Se pregunta uno si estamos ante un mosaico irremediablemente complejo, o más bien ante un mundo en que la religión se ha vuelto un adorno —quizá un precioso vitral dentro del marco de la ruda secularización, con su progreso material, la formación de Estados y los anhelos de integración social—, o si la religión se ha escindido a su vez en partes o propuestas políticas, culturales, espirituales, educativas, sociales... ¿Será que el cristal de un mundo integral se ha roto, dejando las partes sueltas y dispersas, capaces de ser asumidas en nuevas propuestas? ¿O será que aquel soñado mundo integral era más bien una creación de la mentalidad decimonónica al ver que se profundizaba la crisis de gobernabilidad y de metas económicas, sociales y culturales que acompañaba el tránsito hacia una dinámica caracterizada no sólo por nuevas independencias y formaciones estatales, sino por inéditas pretensiones de representación ciudadana, noveles parámetros de prensa libre y opinión pública, inauditas exigencias políticas de libre asociación y formación de partidos, así como insólitos reclamos a la discusión de la autoridad —cuando ya la Inquisición había desaparecido y otras modalidades de censura eran habitualmente débiles o carentes de institucionalidad efectiva?

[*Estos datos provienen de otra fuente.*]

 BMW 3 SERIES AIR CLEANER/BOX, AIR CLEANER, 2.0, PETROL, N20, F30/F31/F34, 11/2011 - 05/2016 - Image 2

La argumentación de la autora nos parece llevar a la conclusión inevitable, que ella misma plantea desde la introducción, de que el régimen de García Moreno jamás pudo lograr más que una "hegemonía intranquila" (p. 24). Quizá nos preguntaríamos si esta es el resultado de la política en todos los tiempos, pero acicateado en el siglo XIX por tantas demandas nuevas. La competencia internacional, pero también algunas nuevas oportunidades de mercadeo, innovaciones tecnológicas, la presencia de grupos sociales móviles y disponibles como los religiosos europeos, deben haber formado un horizonte a su vez no sólo movedizo sino insólito y a menudo peligrosamente evanescente, como los préstamos internacionales que no acababan de ofrecerse cuando ya sus términos los volvían insufribles. La agitación estaba fuera y no sólo adentro. Con razón la contradicción y las coyunturas temporales irrumpían en cualquier intento de coherencia discursiva.
A lo largo de estas dos obras encuentro difícil evitar la conclusión de que el siglo XIX empujaba ya —sobre las espaldas de mucho de lo realizado en el siglo XVIII— hacia la conversión de la religión y la vivencia de la fe en muletillas de la cosa pública. Las ricas perspectivas de las obras me llevan a preguntarme si este es un cambio fundamental en el papel de la religión en la sociedad y el Estado, o una simple reformulación. Me pregunto a la vez sobre cuál será el peso de la religión en el fuero interno de las personas en aquellos tiempos, y para la construcción de vínculos de fe y convivencia en el ámbito local y comunitario. En el caso mexicano, la obra de William B. Taylor ha desvanecido la visión de que los pueblos vivían la religión únicamente según las normas que marcaban el cura párroco o el obispo diocesano. Por otra parte, es claro que el poder y la legitimidad todavía no podían concebirse plenamente sin su apoyo —piénsese en los debates de Francisco Zarco con sus congéneres liberales después de la Reforma mexicana—, y el conocimiento nuevo y el cambio constante en los parámetros materiales de las naciones conllevaban peligros para la cohesión de la sociedad, no menos que la obediencia prestada a los gobernantes político y religioso. ¿Qué mejor que asumir la religión como vínculo social, como pieza de ajedrez del poder? ¿Por qué concederle una esfera propia, bien que esta fuera en la organización eclesiástica o en sus propias normativas?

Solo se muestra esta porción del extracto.